[[ Materials provided open ]]
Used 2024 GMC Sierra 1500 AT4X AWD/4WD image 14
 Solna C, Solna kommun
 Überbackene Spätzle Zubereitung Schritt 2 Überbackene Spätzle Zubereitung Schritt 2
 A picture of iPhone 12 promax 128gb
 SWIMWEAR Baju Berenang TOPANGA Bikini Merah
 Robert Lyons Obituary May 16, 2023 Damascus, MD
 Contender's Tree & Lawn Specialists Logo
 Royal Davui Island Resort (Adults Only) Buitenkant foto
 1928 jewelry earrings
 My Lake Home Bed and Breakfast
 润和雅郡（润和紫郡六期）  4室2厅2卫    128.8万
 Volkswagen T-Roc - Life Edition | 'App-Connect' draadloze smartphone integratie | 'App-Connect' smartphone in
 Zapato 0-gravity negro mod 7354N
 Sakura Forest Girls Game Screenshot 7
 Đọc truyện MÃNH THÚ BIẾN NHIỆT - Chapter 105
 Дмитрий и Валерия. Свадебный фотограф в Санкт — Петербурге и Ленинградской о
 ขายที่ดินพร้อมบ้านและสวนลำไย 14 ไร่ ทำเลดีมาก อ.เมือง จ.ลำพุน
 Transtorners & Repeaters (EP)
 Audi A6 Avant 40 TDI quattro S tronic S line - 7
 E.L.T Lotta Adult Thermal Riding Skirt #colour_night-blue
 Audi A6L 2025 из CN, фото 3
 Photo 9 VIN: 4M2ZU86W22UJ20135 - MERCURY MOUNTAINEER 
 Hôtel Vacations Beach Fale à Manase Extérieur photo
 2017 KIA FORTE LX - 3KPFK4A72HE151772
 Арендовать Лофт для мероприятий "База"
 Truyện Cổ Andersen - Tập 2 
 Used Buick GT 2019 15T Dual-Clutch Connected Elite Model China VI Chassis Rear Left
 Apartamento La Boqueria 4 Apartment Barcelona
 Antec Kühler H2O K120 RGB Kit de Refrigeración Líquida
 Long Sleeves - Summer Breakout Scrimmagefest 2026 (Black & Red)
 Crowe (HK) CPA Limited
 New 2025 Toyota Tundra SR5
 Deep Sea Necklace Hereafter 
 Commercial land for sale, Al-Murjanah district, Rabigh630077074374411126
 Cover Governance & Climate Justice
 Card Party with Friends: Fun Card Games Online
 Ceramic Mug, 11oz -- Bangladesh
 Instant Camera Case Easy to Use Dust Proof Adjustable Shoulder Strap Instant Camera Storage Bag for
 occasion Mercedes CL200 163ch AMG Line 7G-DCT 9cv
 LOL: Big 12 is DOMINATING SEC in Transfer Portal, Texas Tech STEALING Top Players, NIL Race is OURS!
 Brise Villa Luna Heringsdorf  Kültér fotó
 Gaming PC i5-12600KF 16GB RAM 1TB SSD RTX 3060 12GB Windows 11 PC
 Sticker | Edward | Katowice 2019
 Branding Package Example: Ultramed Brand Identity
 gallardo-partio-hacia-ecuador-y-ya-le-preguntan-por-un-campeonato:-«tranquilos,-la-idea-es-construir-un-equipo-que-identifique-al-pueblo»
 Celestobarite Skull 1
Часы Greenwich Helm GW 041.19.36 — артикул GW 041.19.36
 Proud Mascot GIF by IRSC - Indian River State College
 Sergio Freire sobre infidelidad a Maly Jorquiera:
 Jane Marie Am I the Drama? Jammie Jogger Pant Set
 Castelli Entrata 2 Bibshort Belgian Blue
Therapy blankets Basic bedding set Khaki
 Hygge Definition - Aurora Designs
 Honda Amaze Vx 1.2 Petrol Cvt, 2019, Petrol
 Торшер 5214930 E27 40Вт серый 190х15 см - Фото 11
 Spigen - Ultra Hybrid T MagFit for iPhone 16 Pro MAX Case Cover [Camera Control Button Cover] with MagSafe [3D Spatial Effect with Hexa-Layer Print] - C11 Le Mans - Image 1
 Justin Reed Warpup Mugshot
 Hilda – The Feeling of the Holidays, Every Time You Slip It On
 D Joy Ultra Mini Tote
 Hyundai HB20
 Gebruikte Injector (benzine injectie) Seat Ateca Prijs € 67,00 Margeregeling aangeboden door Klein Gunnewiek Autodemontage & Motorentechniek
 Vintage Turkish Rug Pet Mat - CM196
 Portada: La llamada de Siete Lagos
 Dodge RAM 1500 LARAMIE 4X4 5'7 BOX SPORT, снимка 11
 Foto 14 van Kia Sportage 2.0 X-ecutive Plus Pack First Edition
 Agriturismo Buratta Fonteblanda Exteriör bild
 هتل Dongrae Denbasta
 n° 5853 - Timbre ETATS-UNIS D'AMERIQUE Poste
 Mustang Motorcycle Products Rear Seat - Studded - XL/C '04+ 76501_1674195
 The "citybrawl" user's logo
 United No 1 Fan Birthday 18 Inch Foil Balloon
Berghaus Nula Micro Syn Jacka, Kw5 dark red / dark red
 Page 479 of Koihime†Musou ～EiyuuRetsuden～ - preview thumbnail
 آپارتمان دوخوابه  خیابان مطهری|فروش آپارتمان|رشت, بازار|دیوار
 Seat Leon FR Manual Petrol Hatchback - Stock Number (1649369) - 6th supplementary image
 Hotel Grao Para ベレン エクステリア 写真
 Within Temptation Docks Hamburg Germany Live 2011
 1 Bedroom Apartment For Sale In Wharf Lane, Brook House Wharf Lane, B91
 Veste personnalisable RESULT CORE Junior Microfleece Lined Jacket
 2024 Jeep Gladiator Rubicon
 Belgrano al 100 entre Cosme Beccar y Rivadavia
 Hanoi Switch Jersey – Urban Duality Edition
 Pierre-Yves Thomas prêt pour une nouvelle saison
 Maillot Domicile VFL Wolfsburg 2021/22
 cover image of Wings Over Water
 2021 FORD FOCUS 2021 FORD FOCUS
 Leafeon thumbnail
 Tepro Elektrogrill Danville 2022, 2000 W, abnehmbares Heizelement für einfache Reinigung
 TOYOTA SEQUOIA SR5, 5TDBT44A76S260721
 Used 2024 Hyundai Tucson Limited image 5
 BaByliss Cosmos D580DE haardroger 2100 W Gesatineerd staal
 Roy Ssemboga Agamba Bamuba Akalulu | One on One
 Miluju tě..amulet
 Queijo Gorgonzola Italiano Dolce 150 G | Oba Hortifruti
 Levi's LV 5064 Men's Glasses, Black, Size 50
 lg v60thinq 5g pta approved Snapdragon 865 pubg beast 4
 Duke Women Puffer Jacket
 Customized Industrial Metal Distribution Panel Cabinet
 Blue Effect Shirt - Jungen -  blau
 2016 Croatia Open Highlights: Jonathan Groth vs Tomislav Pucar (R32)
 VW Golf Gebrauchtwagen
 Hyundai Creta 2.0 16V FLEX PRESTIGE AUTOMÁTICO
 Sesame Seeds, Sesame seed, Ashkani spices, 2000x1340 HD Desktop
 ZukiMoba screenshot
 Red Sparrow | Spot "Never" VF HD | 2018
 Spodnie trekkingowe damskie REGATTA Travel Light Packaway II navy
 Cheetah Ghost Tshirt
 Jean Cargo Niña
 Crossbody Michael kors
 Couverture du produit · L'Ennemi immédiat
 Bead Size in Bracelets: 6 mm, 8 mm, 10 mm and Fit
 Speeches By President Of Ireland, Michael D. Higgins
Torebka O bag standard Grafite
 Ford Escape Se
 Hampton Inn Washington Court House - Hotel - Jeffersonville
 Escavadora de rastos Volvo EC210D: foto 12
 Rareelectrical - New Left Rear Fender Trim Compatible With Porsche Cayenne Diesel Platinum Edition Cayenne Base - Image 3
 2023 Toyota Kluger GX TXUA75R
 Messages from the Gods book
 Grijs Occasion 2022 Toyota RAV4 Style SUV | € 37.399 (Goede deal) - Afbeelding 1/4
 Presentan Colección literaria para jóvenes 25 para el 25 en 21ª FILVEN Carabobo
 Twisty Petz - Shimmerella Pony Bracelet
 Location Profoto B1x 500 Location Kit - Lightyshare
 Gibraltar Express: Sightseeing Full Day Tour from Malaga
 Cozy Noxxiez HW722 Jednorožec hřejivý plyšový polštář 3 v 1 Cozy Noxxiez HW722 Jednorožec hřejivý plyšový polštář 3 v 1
[[ Materials provided closed ]]
## Task to carry out
Please transcribe the data above without changes, from its first line to its "Truyện Cổ Andersen - Tập 2" line, and leave out anything past that.

## Answer to this task
Used 2024 GMC Sierra 1500 AT4X AWD/4WD image 14
 Solna C, Solna kommun
 Überbackene Spätzle Zubereitung Schritt 2 Überbackene Spätzle Zubereitung Schritt 2
 A picture of iPhone 12 promax 128gb
 SWIMWEAR Baju Berenang TOPANGA Bikini Merah
 Robert Lyons Obituary May 16, 2023 Damascus, MD
 Contender's Tree & Lawn Specialists Logo
 Royal Davui Island Resort (Adults Only) Buitenkant foto
 1928 jewelry earrings
 My Lake Home Bed and Breakfast
 润和雅郡（润和紫郡六期）  4室2厅2卫    128.8万
 Volkswagen T-Roc - Life Edition | 'App-Connect' draadloze smartphone integratie | 'App-Connect' smartphone in
 Zapato 0-gravity negro mod 7354N
 Sakura Forest Girls Game Screenshot 7
 Đọc truyện MÃNH THÚ BIẾN NHIỆT - Chapter 105
 Дмитрий и Валерия. Свадебный фотограф в Санкт — Петербурге и Ленинградской о
 ขายที่ดินพร้อมบ้านและสวนลำไย 14 ไร่ ทำเลดีมาก อ.เมือง จ.ลำพุน
 Transtorners & Repeaters (EP)
 Audi A6 Avant 40 TDI quattro S tronic S line - 7
 E.L.T Lotta Adult Thermal Riding Skirt #colour_night-blue
 Audi A6L 2025 из CN, фото 3
 Photo 9 VIN: 4M2ZU86W22UJ20135 - MERCURY MOUNTAINEER 
 Hôtel Vacations Beach Fale à Manase Extérieur photo
 2017 KIA FORTE LX - 3KPFK4A72HE151772
 Арендовать Лофт для мероприятий "База"
 Truyện Cổ Andersen - Tập 2 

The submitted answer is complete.